把(手前)などの特異な全体像が明らかになった蛇行剣=26日、橿原市畝傍町の県立橿原考古学研究所

【科学的調査と応急的保存処置を終える】

 奈良市の日本最大の円墳、富雄丸山古墳(4世紀後半)で2022年12月に見つかった鉄剣「蛇行(だこう)剣」の科学的調査と応急的保存処置を終え、県立橿原考古学研究所と奈良市教育委員会は26日、共同研究成果を発表した。これまでに例のない構造の把(つか)や鞘(さや)、鞘尻の先に地面から保護する役目の石突(いしづき)が装着。刀と剣の特徴を併せ持つ特殊な構造だったことが明らかになった。

【楔形把頭、最古の例】

 全長2メートル37センチの蛇行剣は、当時の鉄製の剣としては東アジア最長とされる。極めて重要な考古資料として、橿考研と市教委は共同で応急的な保存科学的処置を進めてきた。出土時に現場で露出していた上面に続き、昨年7月から今月まで、反転させた下面の付着土やさびの除去作業などを行った。
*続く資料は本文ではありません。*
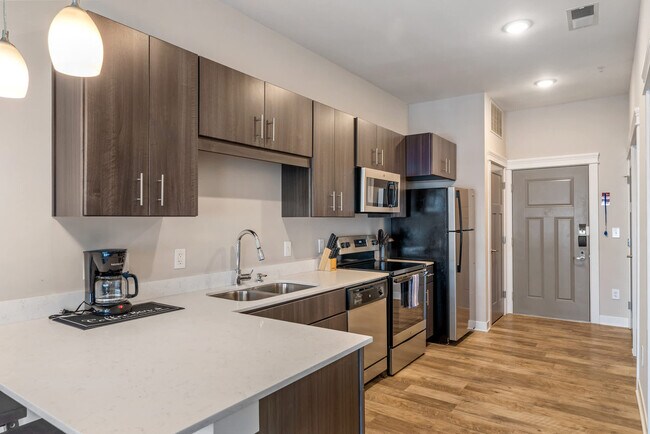 Photo - 530 Massachusetts Ave Unidad ID1074011P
 調査で確認された把は手で握る部分以外に黒漆が塗られていた。現存部分の計測で高さ9センチ、幅18センチ、厚み4.5センチ以上の楔(くさび)形把頭や長さ9センチ、幅3.5~4センチの突起をもつ把縁突起を装着することが判明。楔形把頭の表面や側面には文様もみられた。把を入れた蛇行剣の全長は2メートル54センチとなる。

 把縁突起は剣特有、楔形把頭は刀特有のものだとされる。楔形把頭は古墳時代中期(4世紀末)以降に出現すると考えられており、最古の例が剣で確認されたことになるという。

【鞘口と鞘尻に黒漆、文様も】

 また、鞘の木材はホオノキで、鞘口と鞘尻には黒漆が塗られ、文様があることも分かった。鞘尻の先には、剣を立てて置く際に鞘尻が地面に触れないようにするための石突が装着。長さ18.5センチの細長い形状で、これまでに例がないという。石突の先端から把頭までの全長は2メートル85センチにおよぶ。

 奈良大学の豊島直博教授(考古学)は「5世紀の剣や刀にそれぞれみられる把の突起や把頭を1本に併せ持っている。(4世紀後半の)蛇行剣が以降の剣や刀の装具スタイルに分かれるターニングポイントとなる事例」と評価を述べた。

 今後の本格的な保存処置作業を前に、蛇行剣が県立橿原考古学研究所付属博物館で特別公開される。30日から4月7日まで(4月1日休館)。開館は午前9時から午後5時。入館料は大人400円、高校・大学生300円、小中学生200円。